--- The input ---

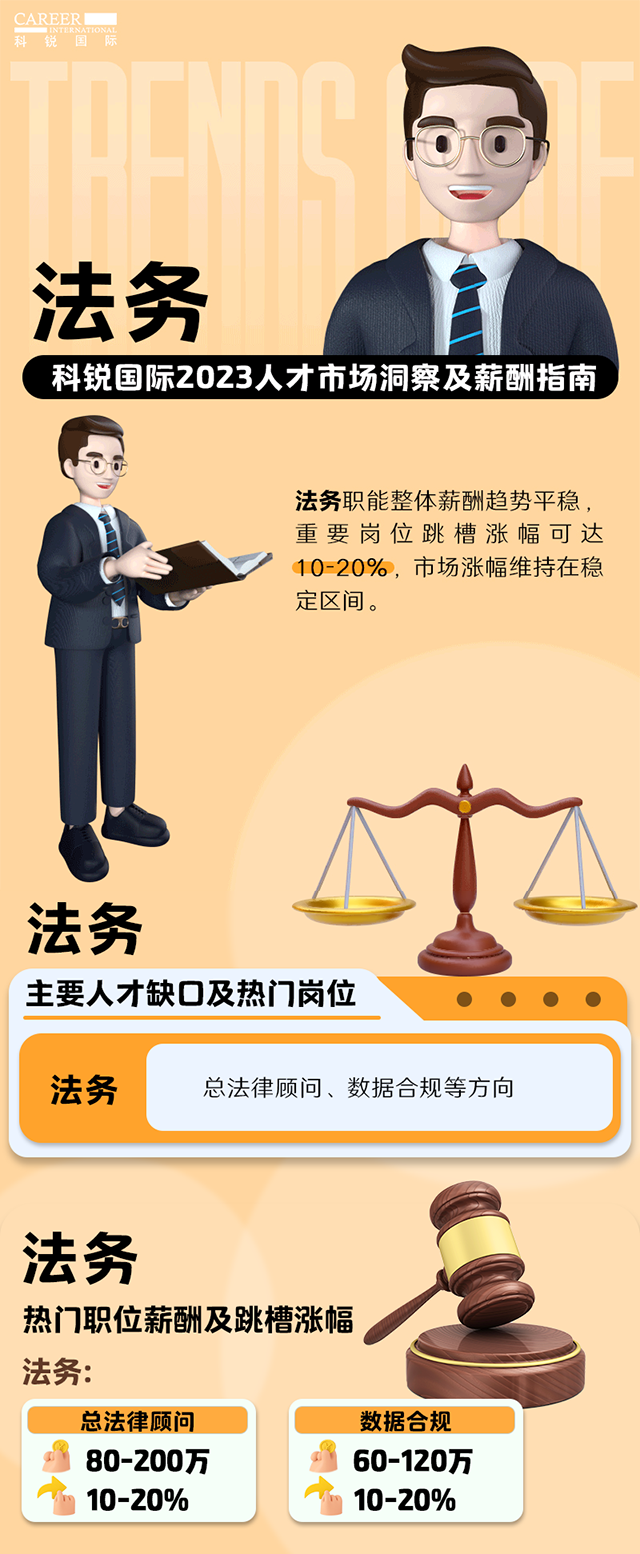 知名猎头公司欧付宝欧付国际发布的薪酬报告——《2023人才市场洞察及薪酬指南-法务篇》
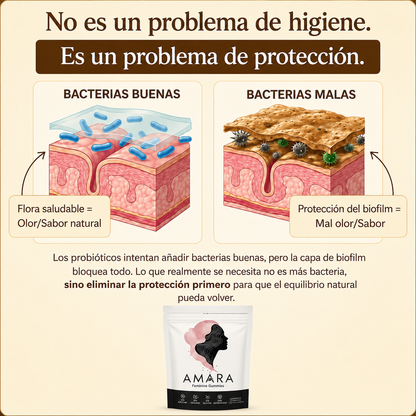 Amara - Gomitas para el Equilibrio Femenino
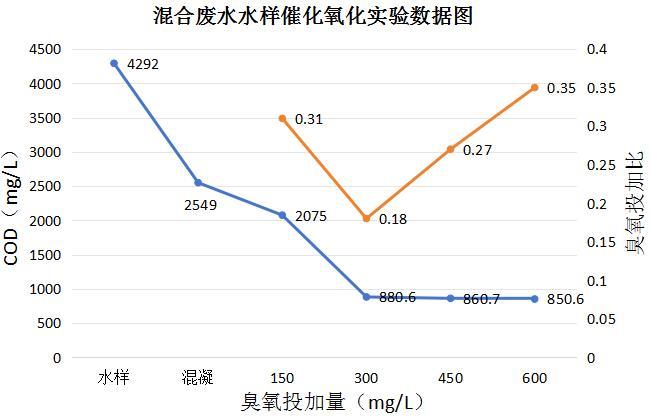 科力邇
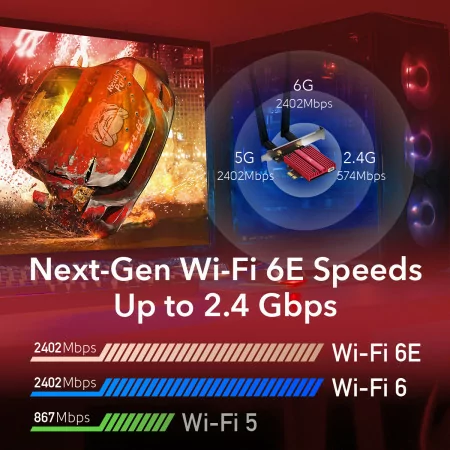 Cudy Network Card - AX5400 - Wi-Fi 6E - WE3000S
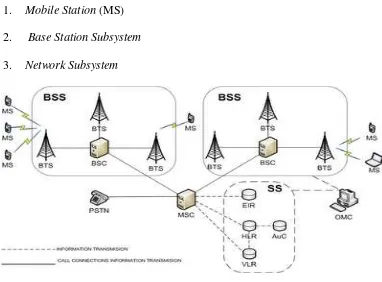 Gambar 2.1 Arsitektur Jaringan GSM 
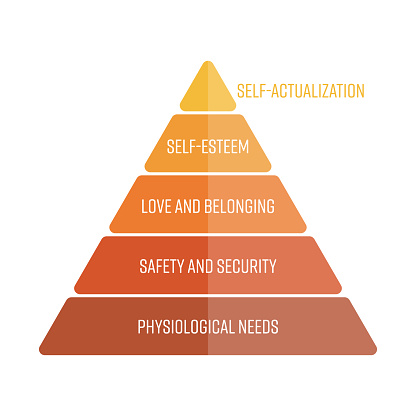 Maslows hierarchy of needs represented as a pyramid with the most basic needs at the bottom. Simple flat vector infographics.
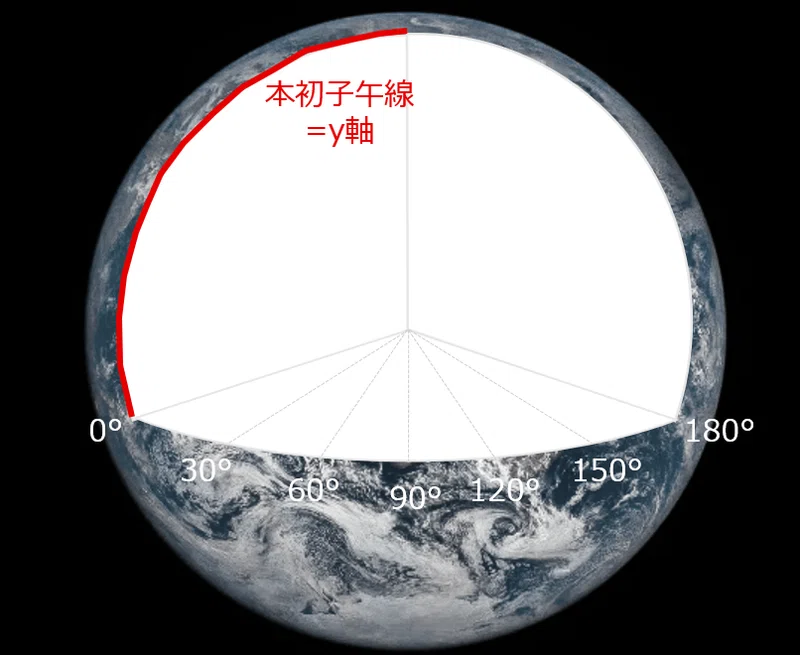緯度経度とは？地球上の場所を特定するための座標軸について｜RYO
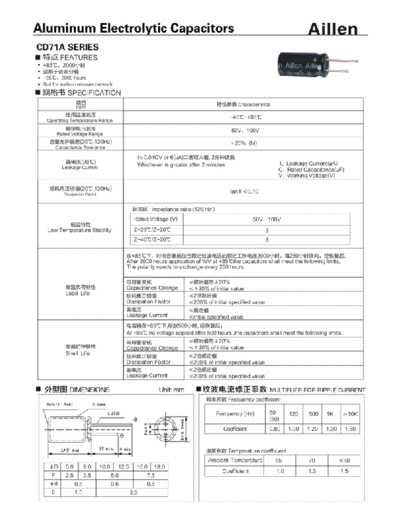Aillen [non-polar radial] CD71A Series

---

What you should do:
Repeat word for word the lines beginning at the one with "緯度経度とは？地球上の場所を特定するための座標軸について｜RYO" and ending at the final line of the records above, both included, and no others. Leave the pictures out.

Answer for the task:
緯度経度とは？地球上の場所を特定するための座標軸について｜RYO
Aillen [non-polar radial] CD71A Series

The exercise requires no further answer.